Optimal Multi-Debris Mission Planning in LEO: A Deep Reinforcement Learning Approach with Co-Elliptic Transfers and Refueling
A new AI model using Masked PPO can plan missions to remove twice as much space debris as traditional methods.
A new research paper presents a breakthrough in using deep reinforcement learning (RL) to tackle the growing problem of space debris. Researchers Agni Bandyopadhyay and Gunther Waxenegger-Wilfing developed a unified planning framework for multi-target active debris removal (ADR) missions in Low Earth Orbit (LEO). Their system combines co-elliptic maneuver planning—integrating Hohmann transfers and safety ellipse proximity operations—with explicit refueling logic within a realistic orbital simulator featuring randomized debris fields and keep-out zones.
The team benchmarked three distinct planning algorithms: a Greedy heuristic, Monte Carlo Tree Search (MCTS), and their deep RL approach using Masked Proximal Policy Optimization (PPO). Across 100 test scenarios, the Masked PPO agent demonstrated superior mission efficiency and computational performance. Critically, it achieved the removal of up to twice as many debris objects as the Greedy baseline while significantly outperforming MCTS in terms of runtime, making it a practical solution for complex, real-time orbital planning.

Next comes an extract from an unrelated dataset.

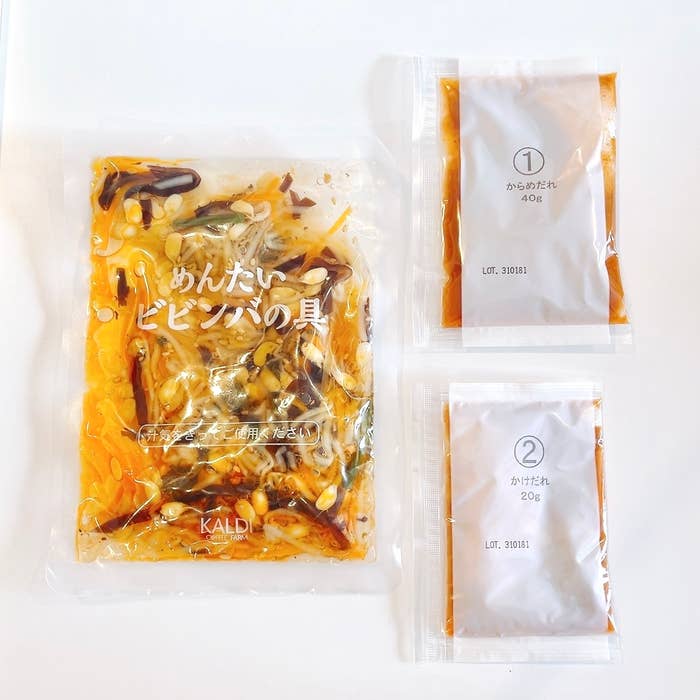 カルディのオススメのフード「めんたいビビンバの素」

This work, presented at the IFAC Workshop on Control Aspects of Multi-Satellite Systems (CAMSAT) 2025, addresses a critical bottleneck in space sustainability. The 'space junk' problem in LEO threatens operational satellites and future missions. Traditional mission planning for debris removal is computationally intensive and often suboptimal. This RL-based approach provides a path toward scalable, safe, and resource-efficient autonomous mission planning, potentially enabling future ADR spacecraft to clear orbital highways with unprecedented efficiency.

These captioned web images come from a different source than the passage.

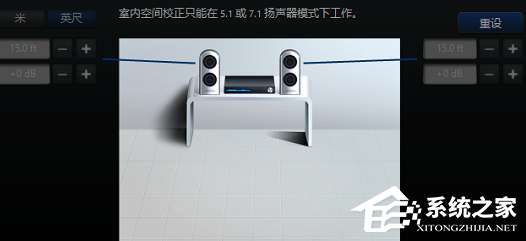 realtek高清晰音频管理器怎么设置?
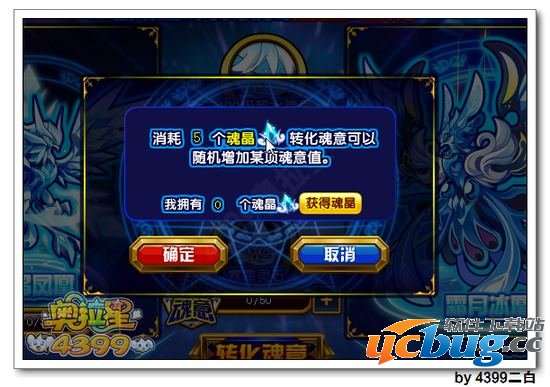 奥拉星魂力怎么得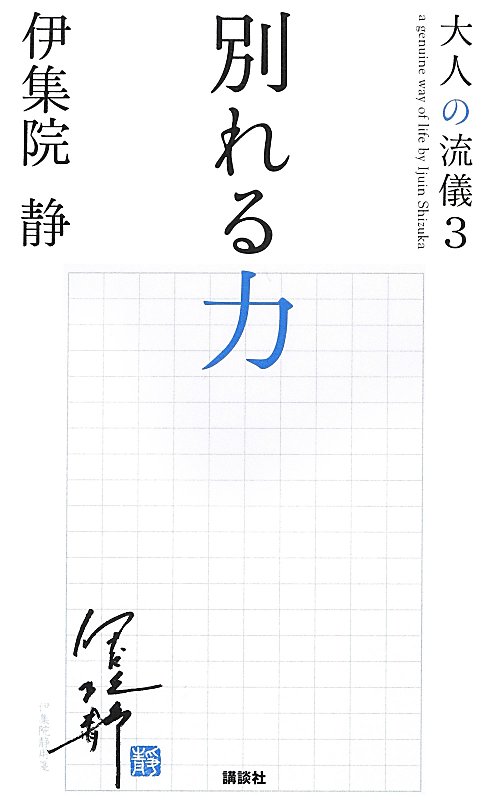 別れる力　大人の流儀３　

- Masked PPO RL agent visited up to 2x more debris than greedy heuristic baselines in simulations.
- The system outperformed Monte Carlo Tree Search (MCTS) in runtime, enabling faster mission planning.
- Tested in 100 realistic LEO scenarios with randomized debris, keep-out zones, and delta-V constraints.
Why It Matters
Enables autonomous, efficient cleanup of dangerous space debris, protecting satellites and future space missions.